Isaiah, Micah, Elijah... (L to R)
Playing behind the couch- with all of the open spaces where our children could choose to play, they always choose cosiest spots. I was reminded of my childhood house in Rosedale this week. The little bungalow where my brother and I grew up. By all comparisons to today's standards, it was a pretty small house. But it never felt small to us. I remember feeling like we had all of the space in the world, and when I visit that house now, it seems really small.

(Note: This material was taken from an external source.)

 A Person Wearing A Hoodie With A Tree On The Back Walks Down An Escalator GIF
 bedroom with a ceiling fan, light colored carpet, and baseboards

It makes me wonder why we seem to think that having more children means moving into bigger houses with more bedrooms, playrooms and bonus rooms. Do our children really require all of that extra space, or is it just more convenient for us- for me? And what are the implications of living in a smaller space with a family of 5? Certainly we hear and see more of each others' business. At first I thought it would deter us from entertaining, but that has not been the case at all. In fact last Sunday we had 8 adults and our 3 children here quite comfortably. We may try to get out more often to escape our four walls. I think we go to the park, library, mall, store, walks, and bike rides more often now than we had, but is that really so bad? It has just gotten me thinking that in two years when we are transitioning to a new town, home, house once again, it would be valuable to remember our happiness and contentment here in this small house with the small yard. Someone please remind me of this when my greed tempts me to want bigger and better, always bigger and better. Why the need to buy homes that are at the upper end of what we can afford? Why not buy a house whose payment is only half of what we can afford? Just imagine the good we could do with the other half of all of those house payments- not for ourselves but for others.